Pretend you have a laser diode that has a forward voltage drop of 3.5V, and you use a 3.7V battery to power it. It works, and doesn't burn up. Then you hook up a 9V battery with the same current, why did it go up in smoke?

Well it's because you have two conflicting voltages. On one hand, your diode is supposed to only drop 3.5V; if the diode is passing current, you should be able to measure 3.5V across it. On the other hand, you have a 9V battery attached to the ends. This creates a voltage conflict: it should be 3.5V and should be 9V. This conflict means that something has got to give (i.e. break), and it can often mean that your diode (the weakest link) burns up when trying to eat up all that extra voltage.
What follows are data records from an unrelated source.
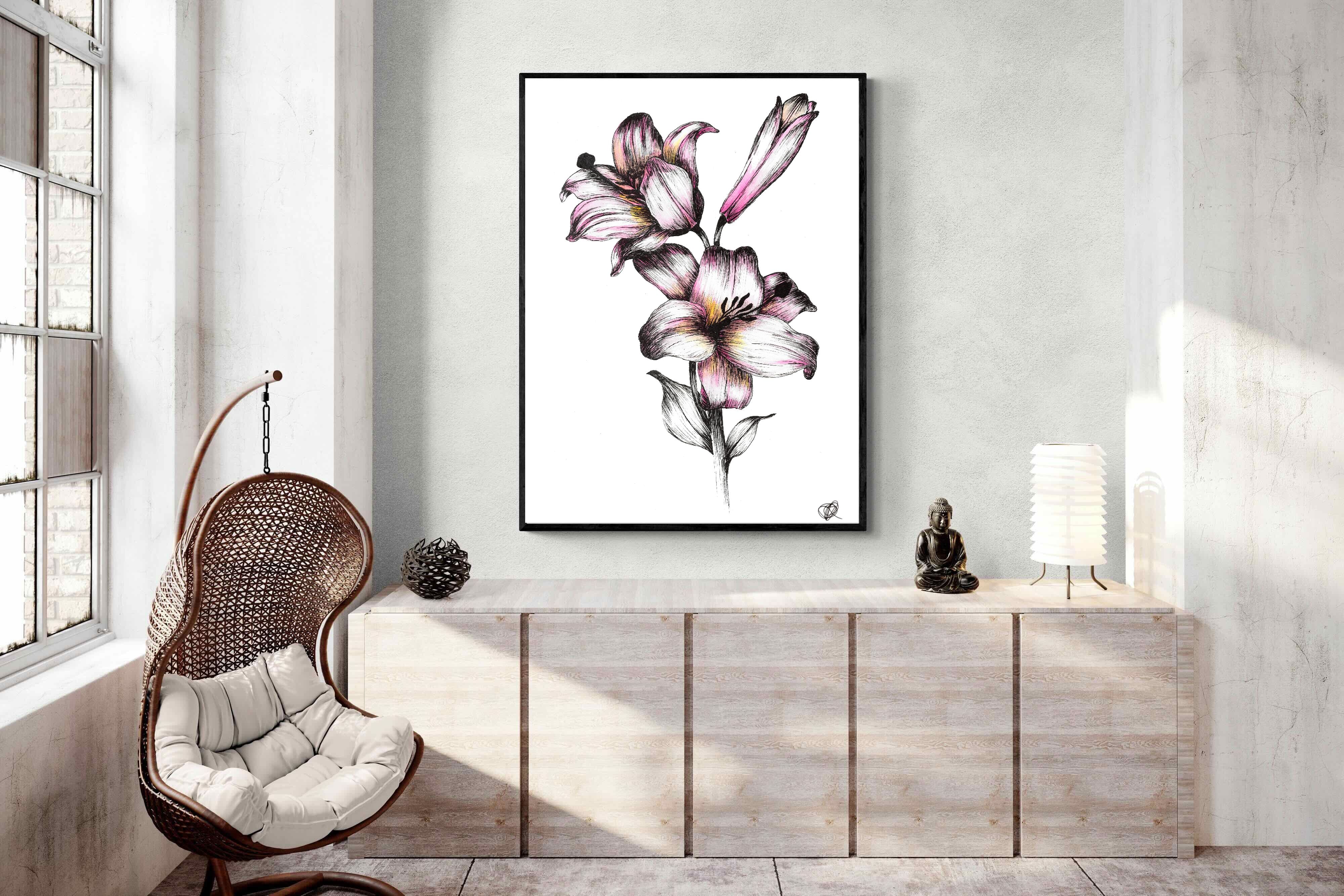 Pixalot Watercolour Lilies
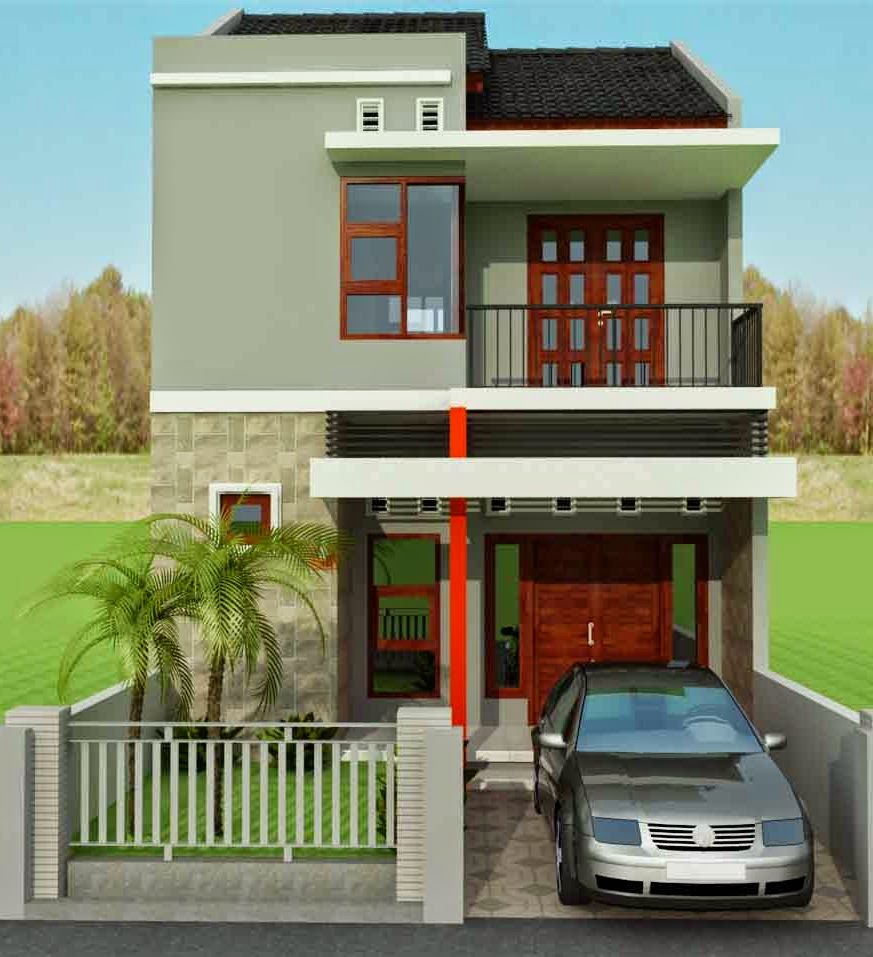 Desain Rumah Minimalis 2 Lantai Tahun 2014 Gambar Foto Desain Rumah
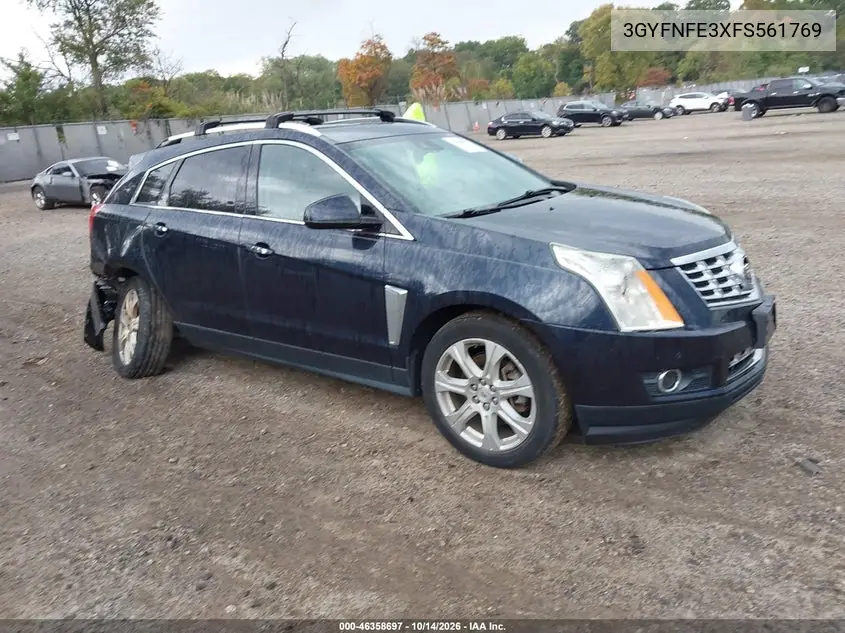 3GYFNFE3XFS561769 — 2015 Cadillac SRX, фото 2 с аукциона IAAI, Задняя часть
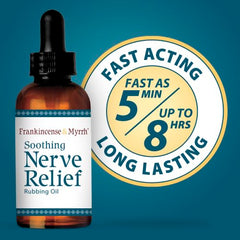 Citrus-herbal aroma of FRANKINCENSE & MYRRH nerve pain oil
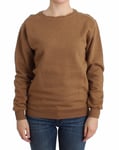 John Galliano WoMens Brown Crewneck Cotton Sweater - Size X-Small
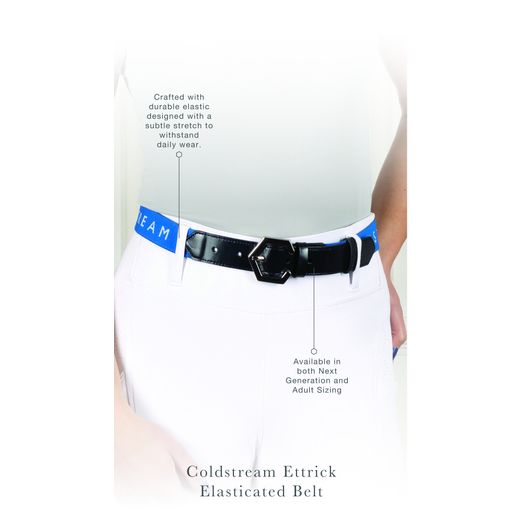 Coldstream Next Generation Ettrick Elasticated Belt - C Blue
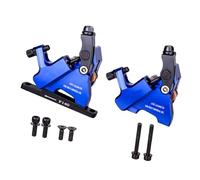 YROHGKPN 1 par de frenos hidráulicos de carretera montados planos discos hidráulicos, tractor de alambre mecánico, bicicletas, calibrador, tractor de alambre, abrazadera de disco de aceite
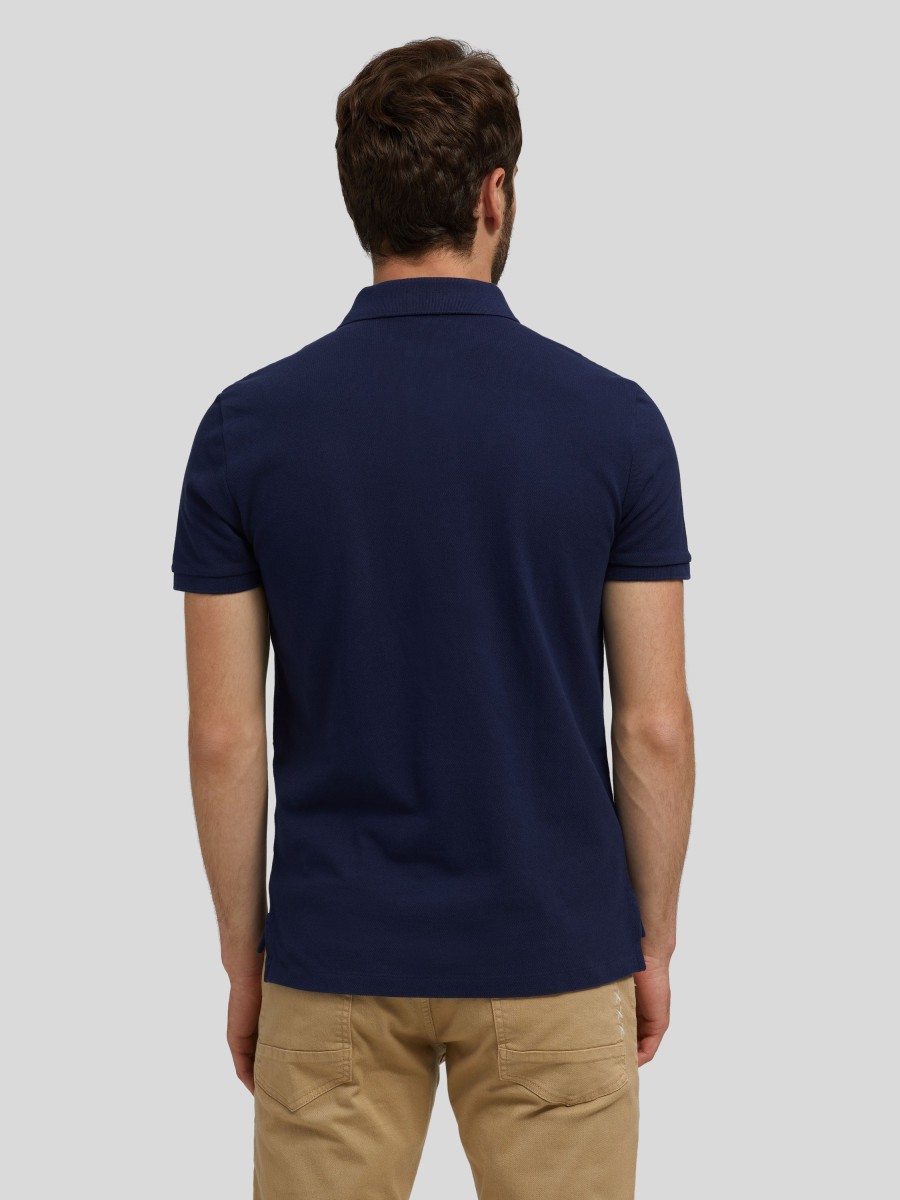 Manner Polo Ralph Lauren Men Polo-Shirts | Polo-Shirt Im Custom Fit Marine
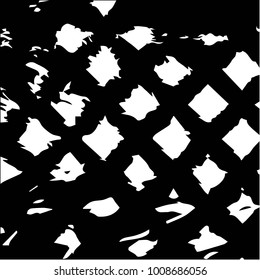 Grunge halftone black and white texture background. Abstract vector Texture
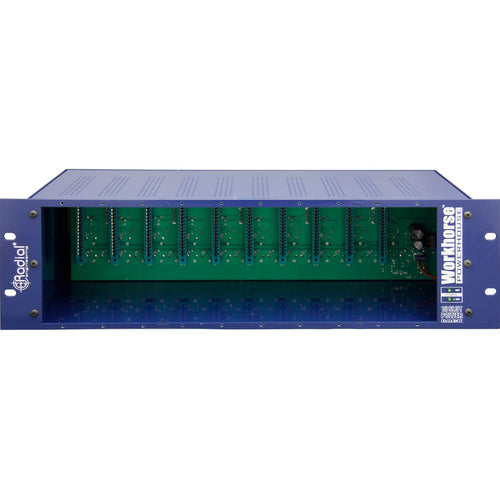 Radial WorkHorse Powerhouse 10 Slot 500-Series Rack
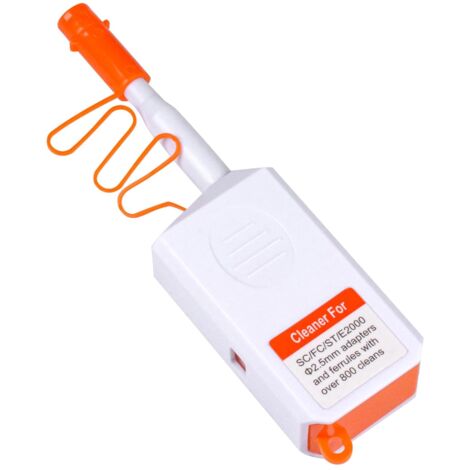 Elfcam® - Mini Stylo de Nettoyage pour Fibre Optique Tip-Pen pour Adaptateur Femelle SC/FC/ST(APC et UPC), Connecteurs Mâles SC/FC/ST2,5mm et Traversées, Plus de 800 Nettoyages (1/5)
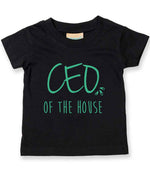 Ceo of the House – Baby T-Shirt in Black with Mint vinyl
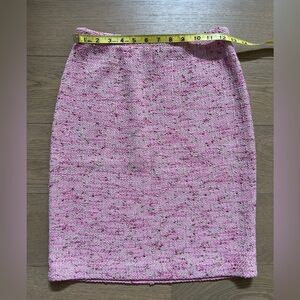 St. John Pink knit Pencil Skirt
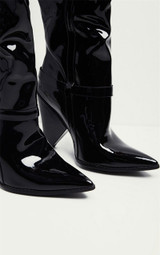 Amour Patent Leather Over The Knee Boots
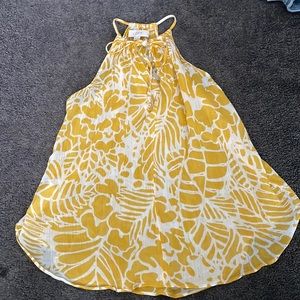 Loft floral and flowy tank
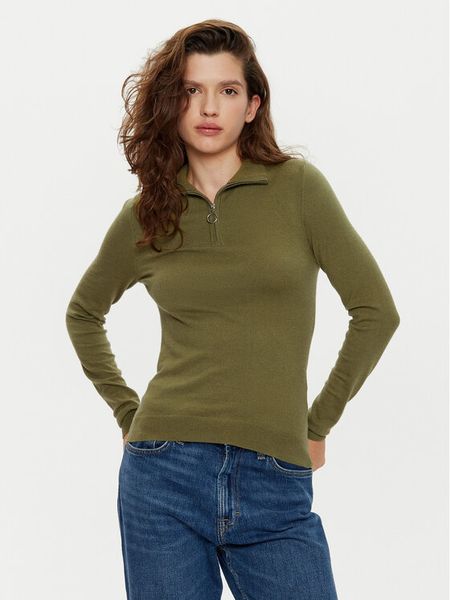 Vero Moda Sweter Happiness 10317993 Zielony Slim Fit. Zielone swetry klasyczne Vero Moda, m, z syntetyku, bez kołnierzyka. Za 75,99 zł.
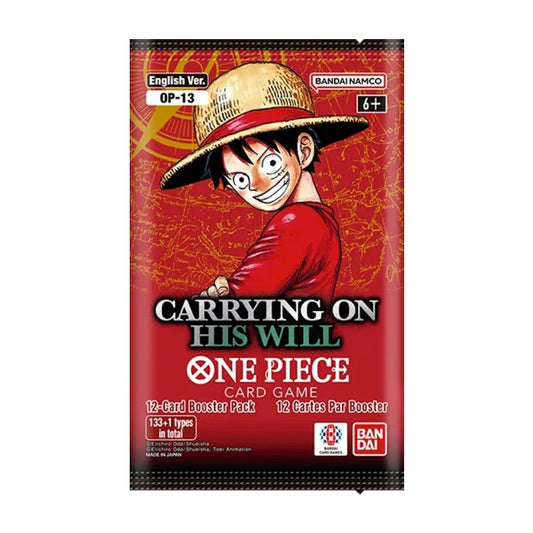 One Piece Card Game - Carrying on His Will Booster pack-Yarrawonga Fun and Games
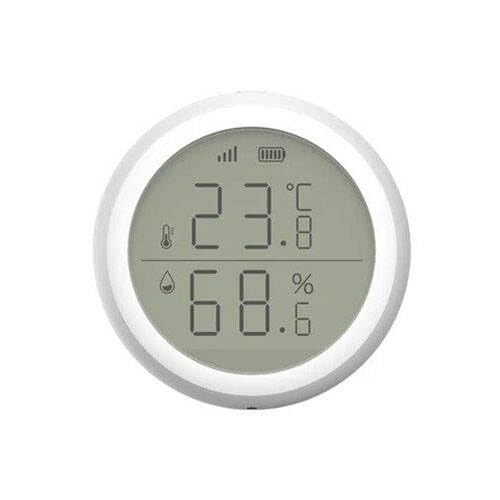 [Australia - AusPower] - Sone Smart One Zigbee Temperature Sensor with Display - Temperature & Humidity Sensor Zigbee 3.0 - LCD Thermometer & Hygrometer - Compatible with TUYA/Smart Life - with Alarm & XLSX Export 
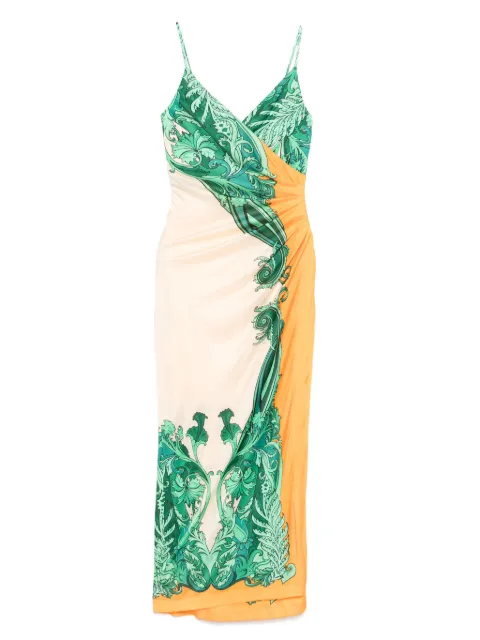 ETRO gathered printed dress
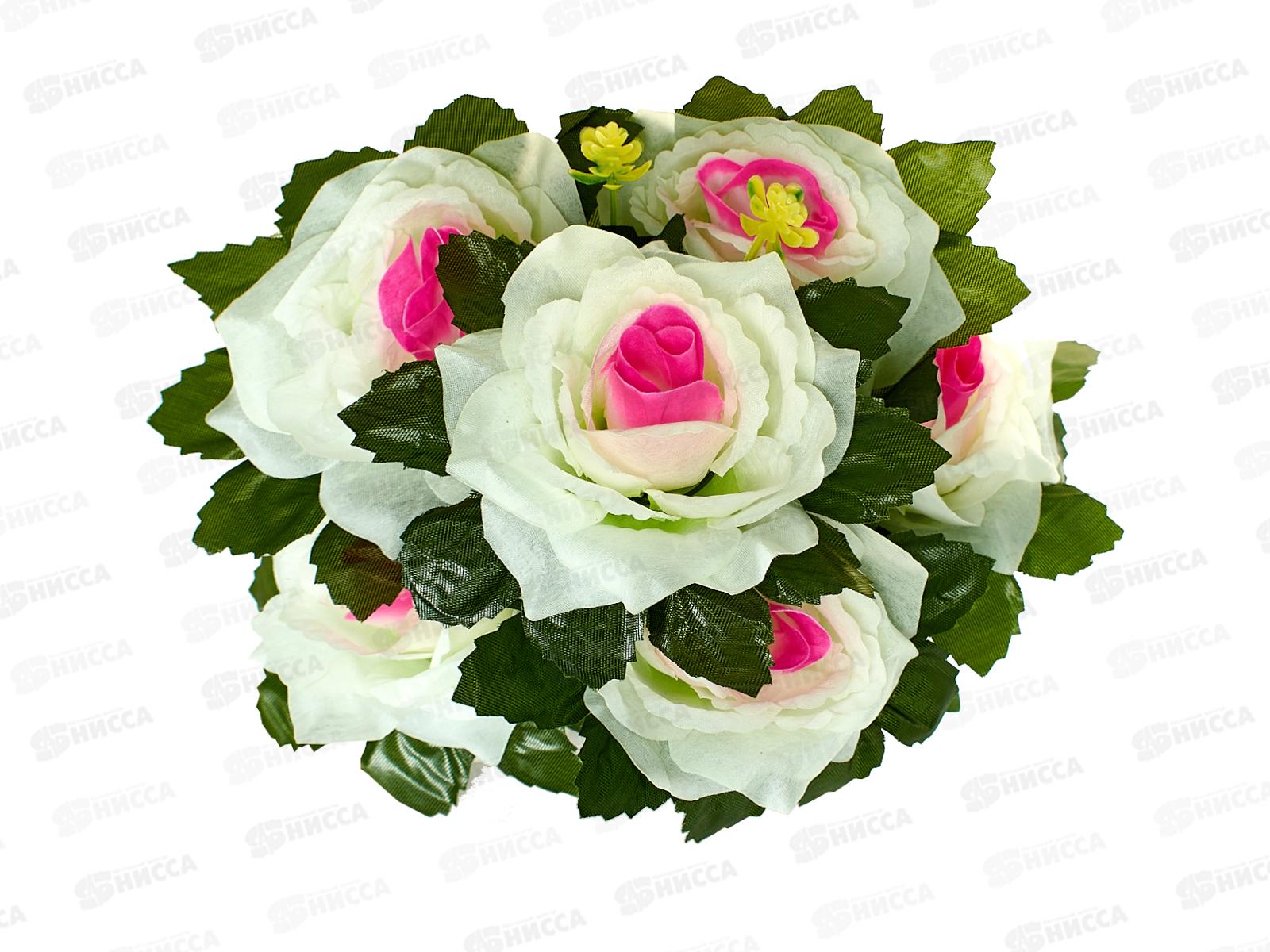 Букет роз 6голов 48см микс 8514 *2/20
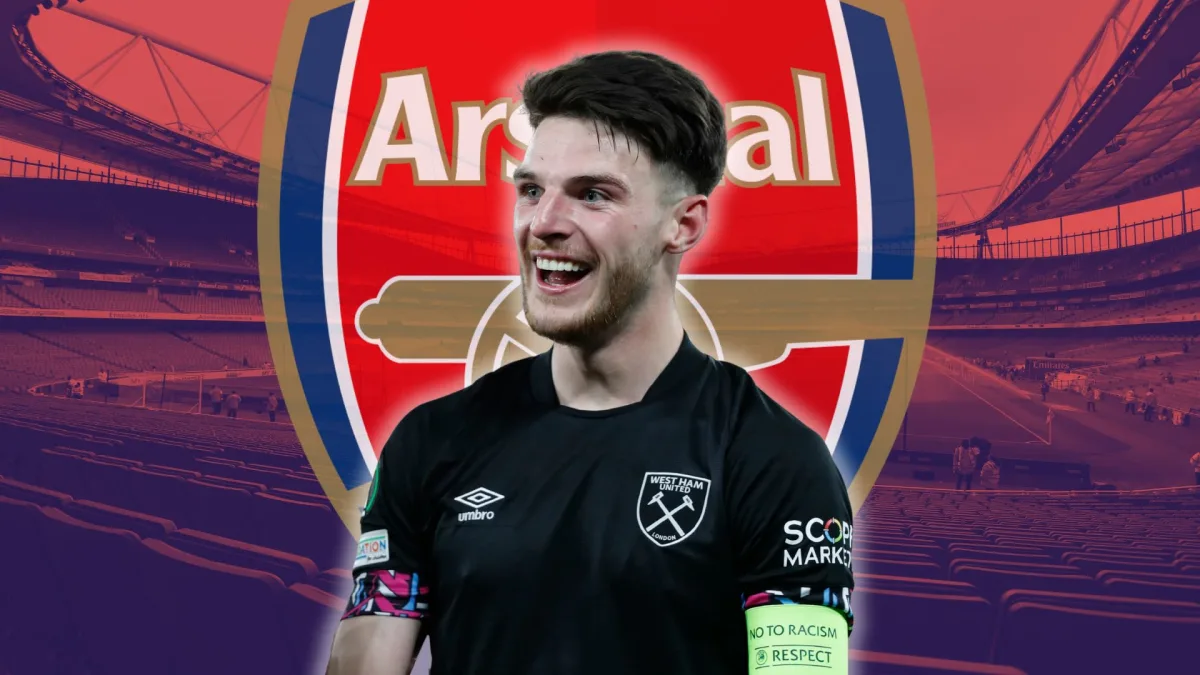 West Ham's Declan Rice has agreed personal terms with Arsenal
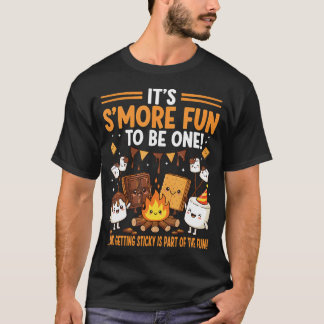 Camiseta Su Cumpleaños de Camping Divertido Lindo y Gracios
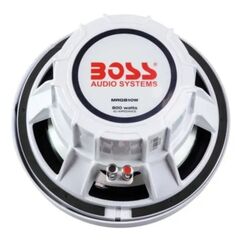 Subwoofer Marinizado Boss Marine c/ Iluminação LED RGB 10 polegadas - Branco - MRGB10W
So remember, your absolute assumptions (laws, parameters, etc.) MUST stay true in ALL cases. If there is an unavoidable contradiction (even if your professor writes the problem on the test wrong) there will be catastrophic damage.

In the 3.7V vs 3.5V case, that 0.2V just isn't enough to cause much damage. It might cause some heat in the diode, but probably not enough to damage it.

so in some sense, voltage is the sideways pressure on the walls of the pipes, and pipe diameter is related to ohms, but when your circuit piece has thin walls - i.e., low "forward" voltage, it's the weakest link, and likely to blow out.

that makes me think wires have forward voltage. What is forward voltage, and do copper wires have it?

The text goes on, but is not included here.